The second fact is that the British economy has become totally integrated into the EU economy over more than forty years. As a consequence, European laws govern everything that concerns trade within the UK and with the EU, commerce with third parties, consumer protection, anti-trust and more. The UK will have to build from scratch a new legal apparatus. British firms will have to disentangle a myriad of links with their European partners. Non-national residents will have to reorganize their lives. Even if the EU is not a perfect arrangement, it works reasonably well. This implies that it will be best for the UK to retain many of existing EU laws and for firms in the EU and in the UK to maintain much of existing links. Brexit is a huge disturbance with limited long-run practical effects.
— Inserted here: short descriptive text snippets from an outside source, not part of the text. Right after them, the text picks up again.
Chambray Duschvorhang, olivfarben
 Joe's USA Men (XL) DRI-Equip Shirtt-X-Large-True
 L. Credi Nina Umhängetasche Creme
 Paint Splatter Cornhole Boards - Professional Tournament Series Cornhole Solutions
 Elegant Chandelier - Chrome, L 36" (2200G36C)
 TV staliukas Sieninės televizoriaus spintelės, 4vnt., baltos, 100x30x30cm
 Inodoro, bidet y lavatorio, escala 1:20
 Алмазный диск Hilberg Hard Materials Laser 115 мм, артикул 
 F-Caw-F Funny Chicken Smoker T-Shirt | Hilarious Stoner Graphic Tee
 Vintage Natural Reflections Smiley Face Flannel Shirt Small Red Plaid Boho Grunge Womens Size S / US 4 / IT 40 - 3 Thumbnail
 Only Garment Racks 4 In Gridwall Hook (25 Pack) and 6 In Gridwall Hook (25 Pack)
Meanwhile, firms face a massive uncertainty and postpone productive while some have relocated or downscaled their activities in the UK. Eventually post-Brexit UK will not differ much from what it now is.
The third fact, which may be lost in the spectacular debates that we have seen over the last few weeks, follows from the previous observation: Brexit is impossible, or nearly so. Much has been said about the stability and pragmatism of the British democratic institutions but, all of a sudden, it seems to have become highly dysfunctional and irrational. Of course, the referendum should not have been called, or the question asked should have been better designed. So, yes, a huge mistake was made. It is worth asking how can a stable and pragmatic democracy manage an impossible task. A poorly functioning democracy would just have made Brexit happen, without second thoughts. The convulsions that we observe reveal the more or less conscious efforts of the British system to deal with the situation. Theresa May famously said that “Brexit is Brexit” but then she discovered that things are not so simple. Part of her predicament was to negotiate a reasonable deal, much more complex than what she had envisioned, but she also faced a Parliament that rejected every single proposal that she made. The inability of Parliament to come up with alternatives is often described as the ultimate proof that it is totally dysfunctional. Alternatively, it may be that it simply recognized that there is no good way of leaving the EU. Millions of citizens marched to ask for a second referendum, one where the alternatives would be well specified. The former fringe Tories who are now in power reject this natural step, but they seem overwhelmed by the resistance that they face. All of that makes a lot of sense. We do not know yet how it will all end up.